Crawled caption data:
------------

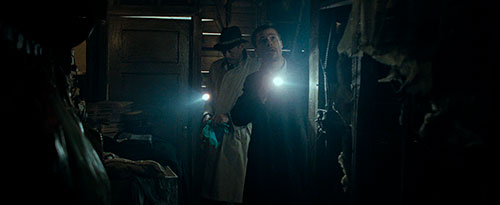 Splitscreen-review Image de Seven de David Fincher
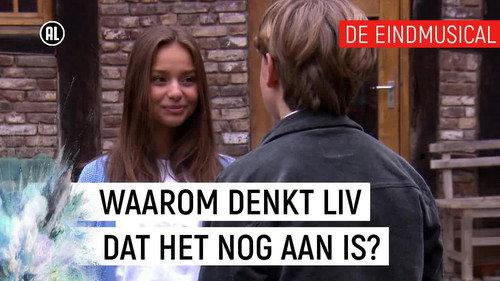 De Eindmusical Season 4 Episode 2 - Tijn Doesn't Have One, But Two Girlfriends?!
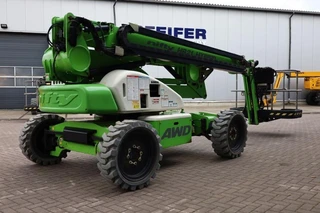Niftylift 2016 - HR21 HYBRID As - Is, Hybrid, 4x4 Drive, 21m Workin изображение 2 миниатюра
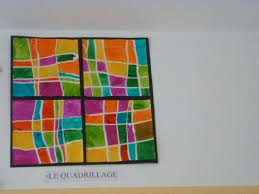 Le Quadrillage Ps L Ecole C Est Classe Quadrillage Graphisme Gs Drawing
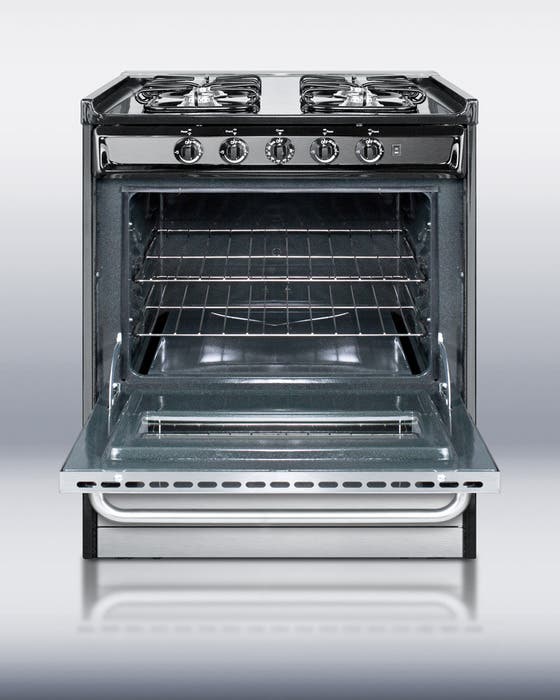 Summit TNM21027BFRWY Stainless Steel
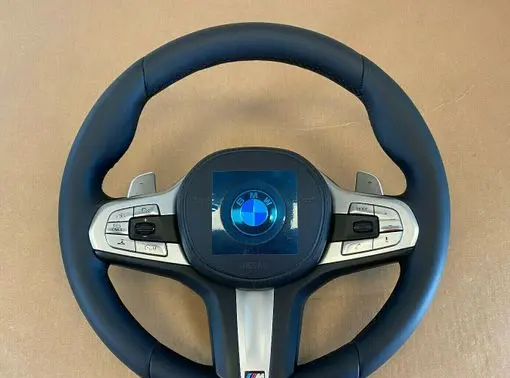 BMW 7 G11 G12 Steering wheel 32308008184 32307855724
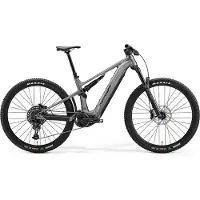 Merida Bikes Bicicleta Elétrica De Mtb Eone-forty 675 29´´ Nx Eagle 2024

------------

EXERCISE BRIEF: Reproduce verbatim every line starting at the line that holds "Summit TNM21027BFRWY Stainless Steel" and ending with the final line of the data; omit the pictures.

ANSWER BOX:
 Summit TNM21027BFRWY Stainless Steel
 BMW 7 G11 G12 Steering wheel 32308008184 32307855724
 Merida Bikes Bicicleta Elétrica De Mtb Eone-forty 675 29´´ Nx Eagle 2024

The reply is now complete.